I never once doubted that I would eventually succeed in getting to the bottom of things, provided only that I took the effort to thoroughly review the things that came to me about them, and which I took pains to write down in black and white. We have, for example, an undeniable intuition of volume . It had to be the reflection of some deeper reality , which for the moment remained elusive, but was ultimately apprehensible. It was this reality, plain and simple, that had to be grasped - a bit, perhaps, the way that the "magic of rhyme" had been grasped one day in a moment of understanding.

In applying myself to this problem at the age of 17 and fresh out of the lycée, I believed that I could succeed in my objective in a matter of weeks. As it was, it preoccupied me fully three years. It even led me to flunk an examination, during my second year in college - in spherical trigonometry! ( for an optional course on 'advanced astronomy') because of a stupid mistake in arithmetic. (I should confess here that I've always been weak in arithmetic, ever since leaving the lycée .)

Because of this I was forced to remain for a third year at Montpellier to obtain my license(*)
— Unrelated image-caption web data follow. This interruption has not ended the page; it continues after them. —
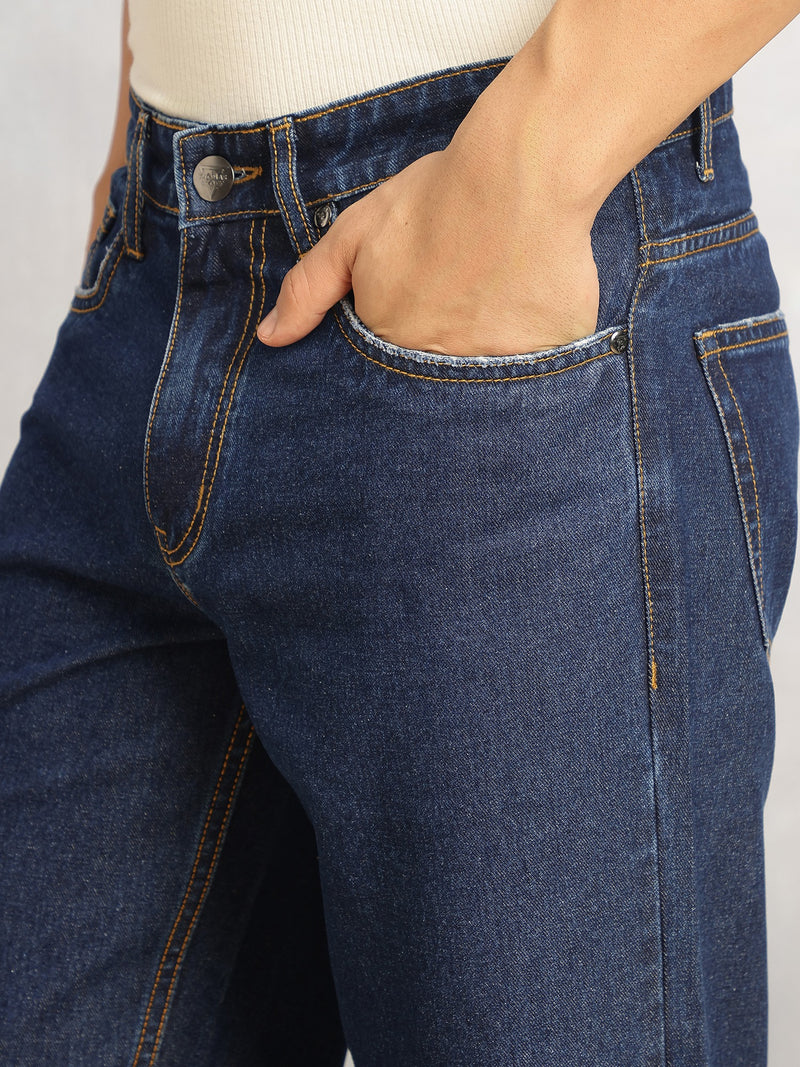 Thomas Scott Men Dark Blue Mid-Rise Baggy Fit No Fade Clean Look 100% Cotton Non Stretchable Jeans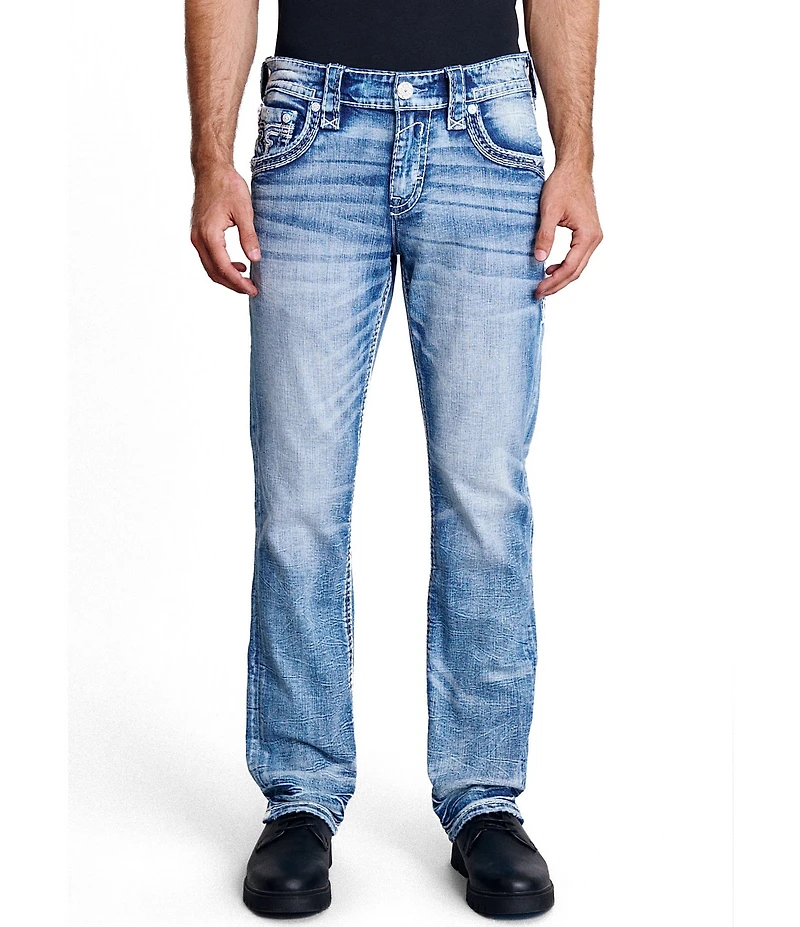 Rock Revival Reece Straight Leg Fleur-De-Lis-Overlay Pocketed Jeans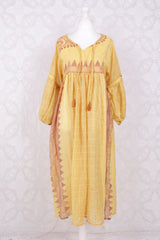 Daisy Midi Smock Dress - Vintage Indian Cotton - Sunshine & Tan Geometric - XXS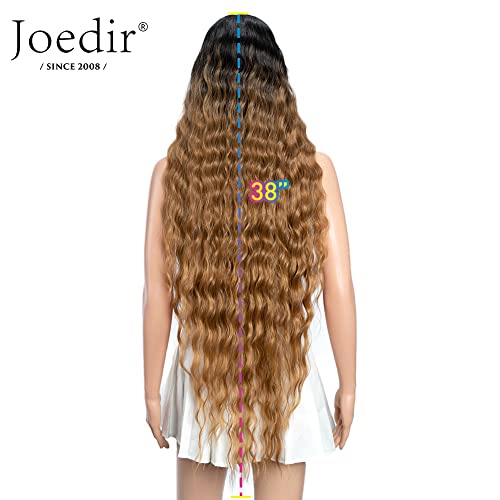 Joedir Lace Front Wigs 38 Inches Middle Part Curly Wavy Wig Super Long Curly Wigs for Women T-Part Lace Front Wig HD Transparent Synthetic Wig with Baby Hair(Ombre Hondy)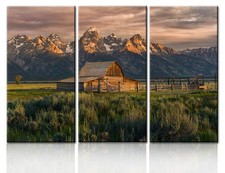 TUMOVO Moulton Barn 3 Panel Canvas Wall Art Native American 40''x60'' Wooden picture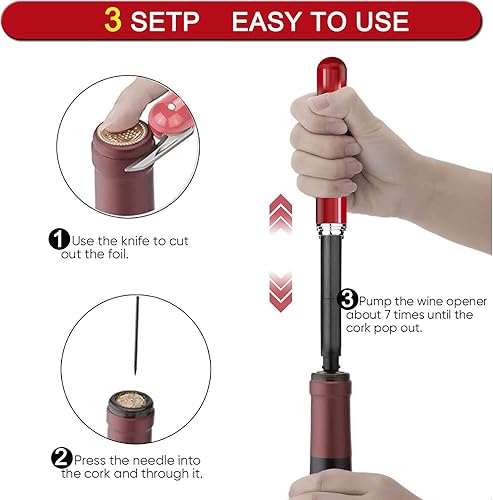 Miniatura 2 de Abridor de vino a presión de aire 2 en 1 con cortador de papel de aluminio, abridor de botellas de vino, bomba de aire de fácil apertura, abridor de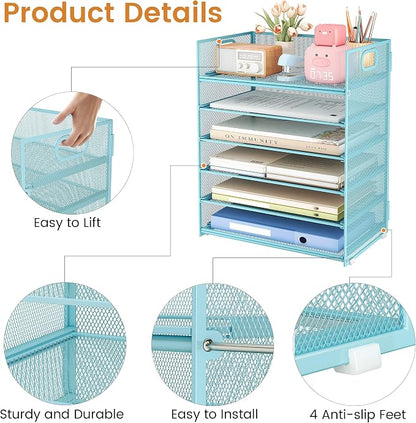 Subekyu 6-Tier Desk Paper Organizer, Desktop File Letter Tray - Image 5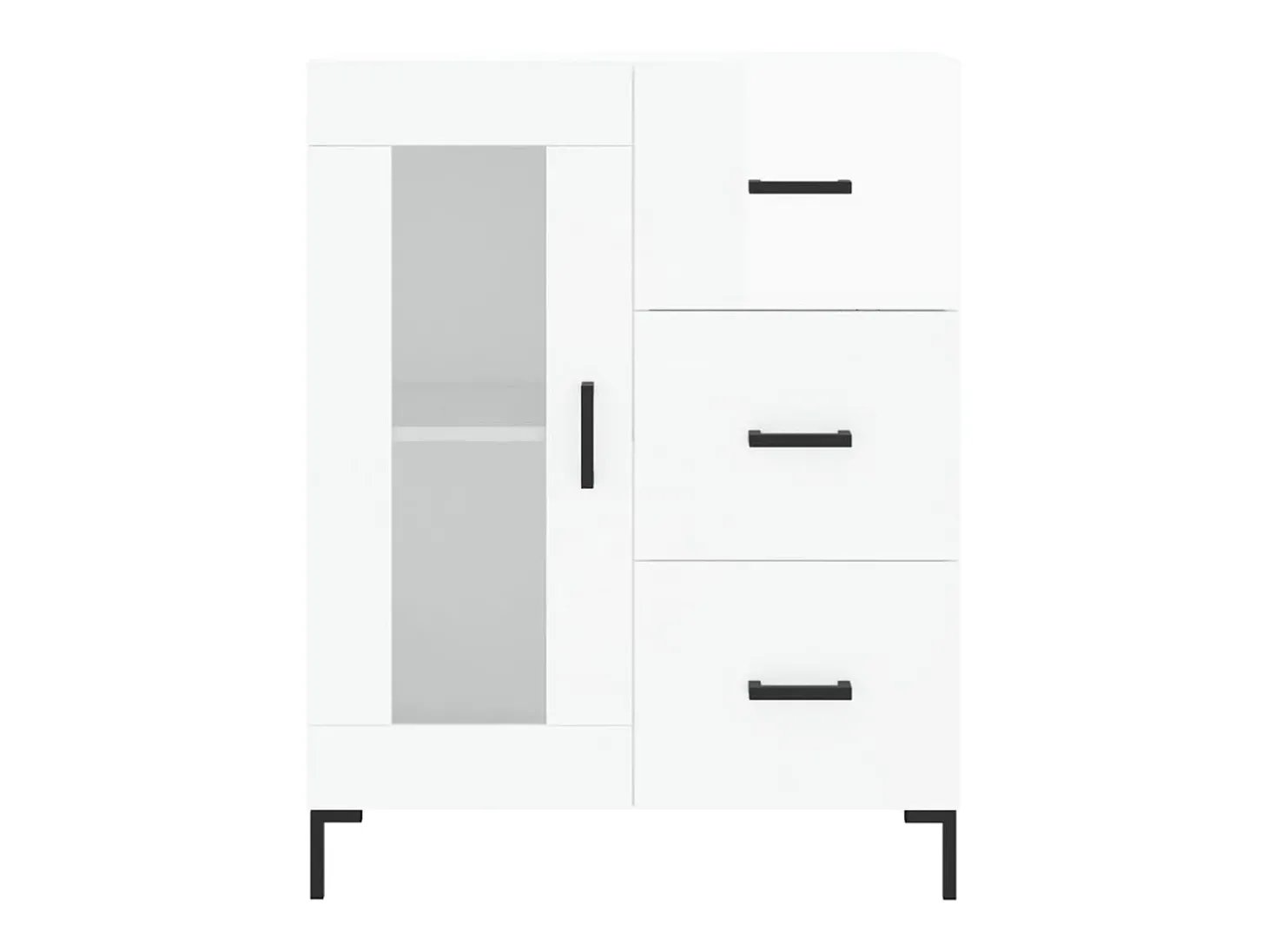 Aparador buffet cómoda armario mueble organizador cocina salón brillante 69,5 x 34 x 90 cm madera contrachapada blanco 02_0030694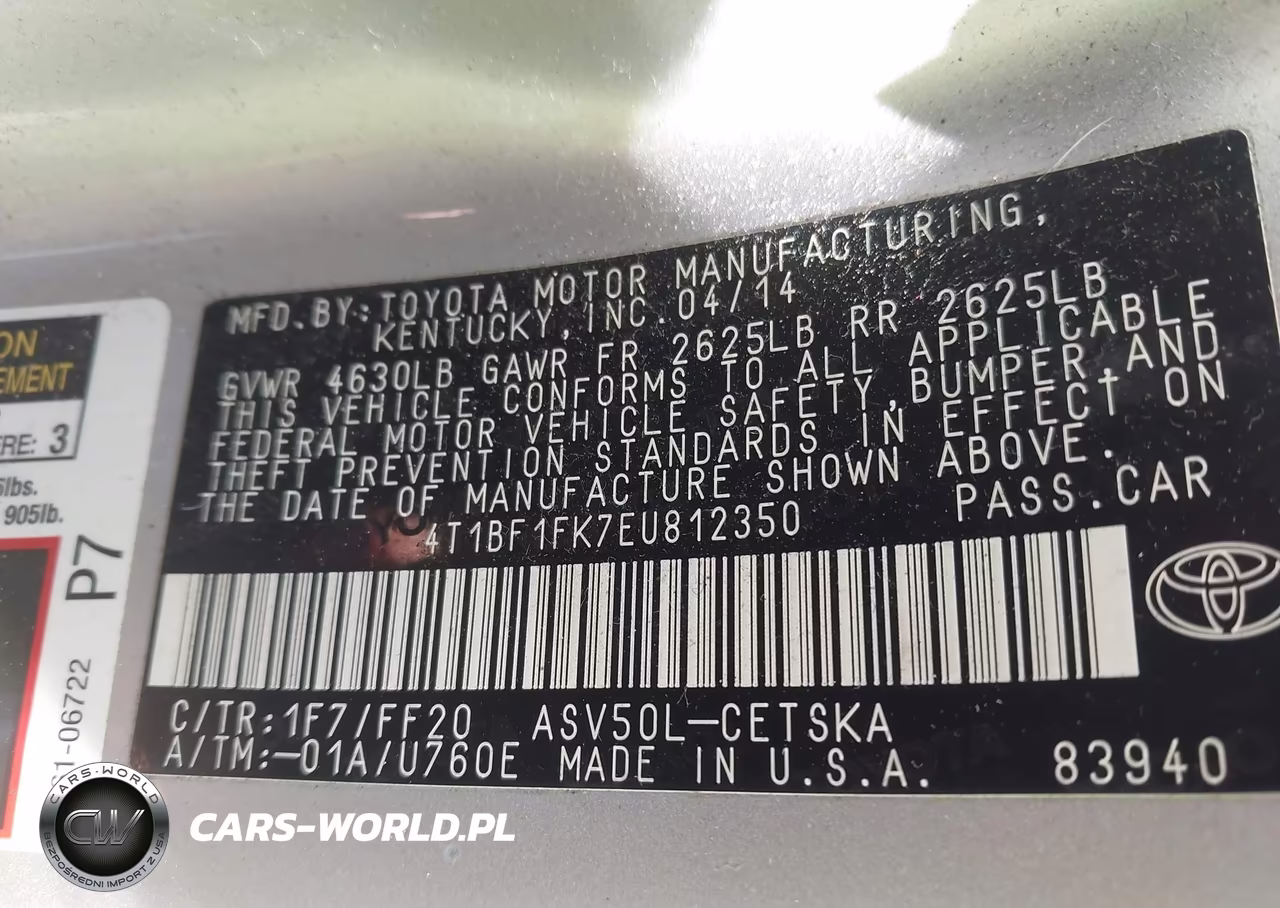 2014 Toyota Camry Se VIN:4T1BF1FK7EU812350 - 9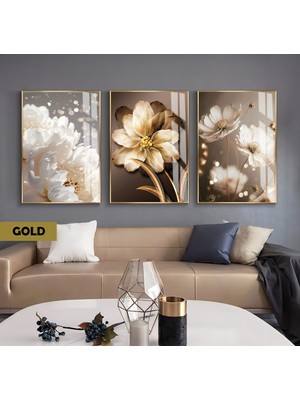 Harikabirev|siyah-Beyaz Poppy Minimal Çiçek Kombini |çerçeveli Cam Tablo  3lü Dikey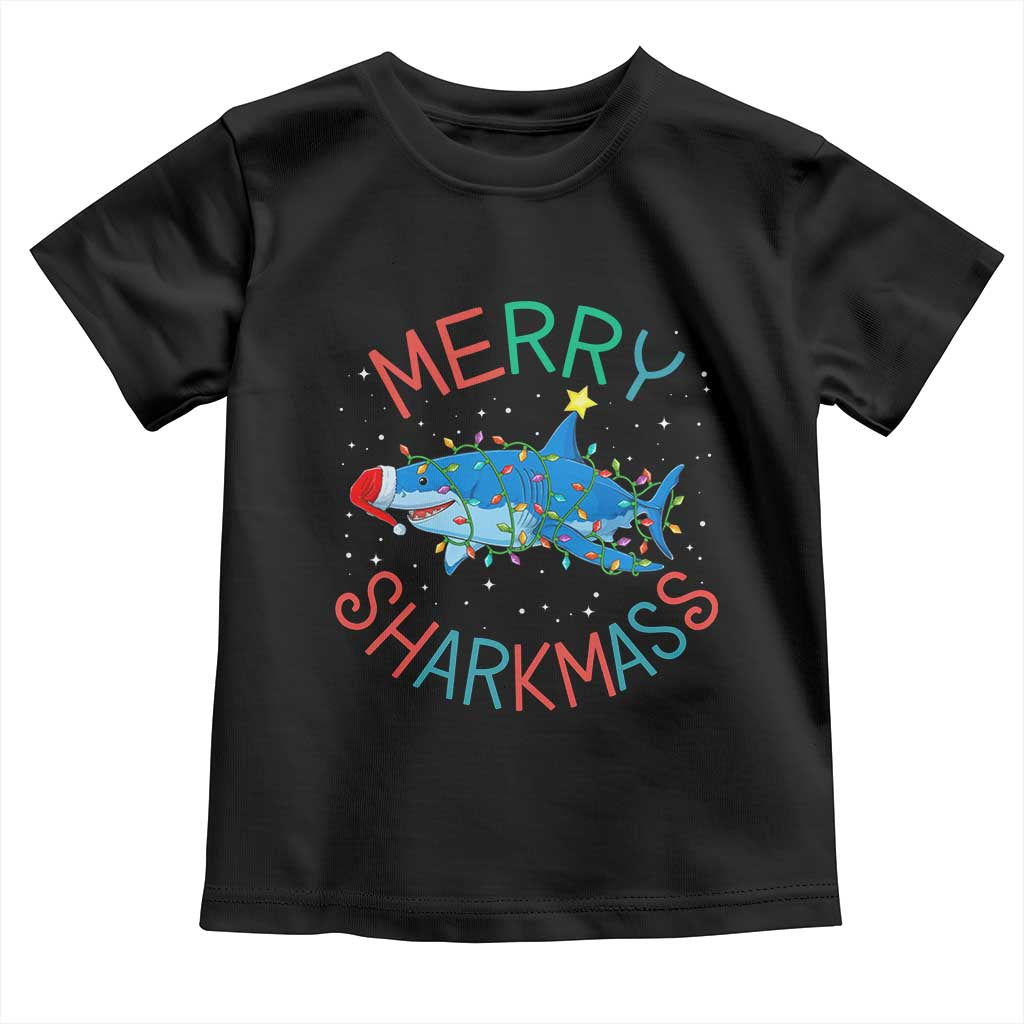 Christmas Shark Toddler T Shirt Funny Merry Sharkmas Xmas Gift TS12 Black Print Your Wear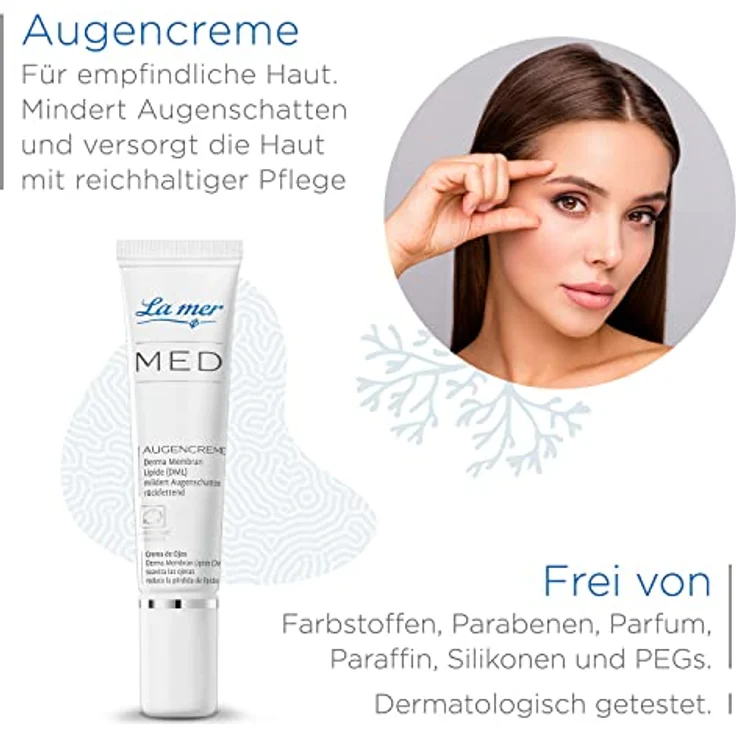 La mer MED Augencreme - Beruhigende Augenpflege für empfindliche Haut - Mildert Augenschatten, Rötungen und Brennen - Rückfettend und feuchtigkeitsspendend - Stärkt die Hautschutzbarriere - 15 ml – Bild 3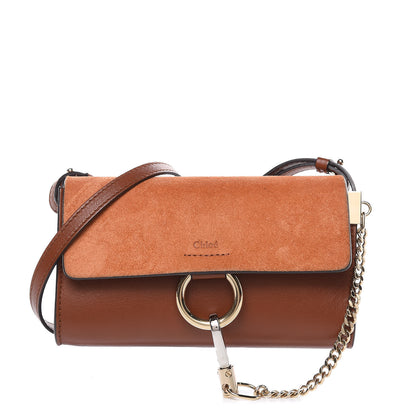 Chloe Suede Calfskin Mini Faye Shoulder Bag Tobacco 1 of 11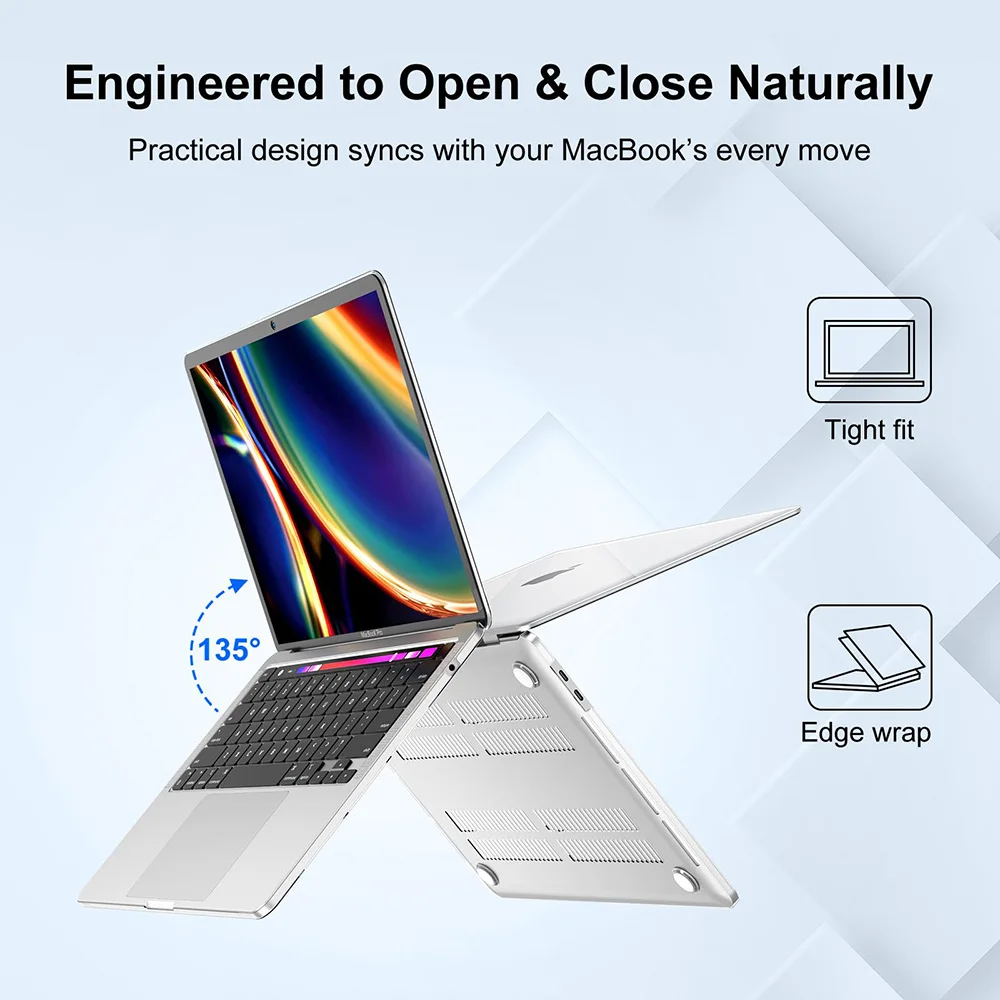 New Clear Laptop Case For MacBook Pro 13.3 M2 M1 A2338 A2251 A2289 A2159 A1989 A1708 with Touch Bar Screen Protectors Trackpad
(*)Translator's Note: the basic undergraduate degree in the French university system, not quite the same as our B.A. )
, rather than heading immediately up to Paris - the only place, I was told, where one found people who really knew what was important in modern mathematics. The person who said this to me, Monsieur Soula, also assured me that all outstanding issues in mathematics had been stated and resolved, twenty or thirty years before, by a certain " Lebesgue" ! (Translator's Italics ). In fact he'd developed a theory of integration and measure ( decidedly a coincidence!), beyond which nothing more needed to be said.

Soula, it should be said, was my teacher for differential calculus, a good-hearted man and well disposed towards me. But he did not succeed at all in persuading me to his point of view. I must already have possessed the conviction that Mathematics has no limit in grandeur or depth. Does the sea have a "final end" ? The fact remains that at no point did it occur to me to dig out the book by Lebesgue that M. Soula had recommended to me, which furthermore he himself had never looked at! To my point of view, I could see little connection between what one might find in a book and the work I was doing to convince my own curiosity on issues that perplexed and intrigued me.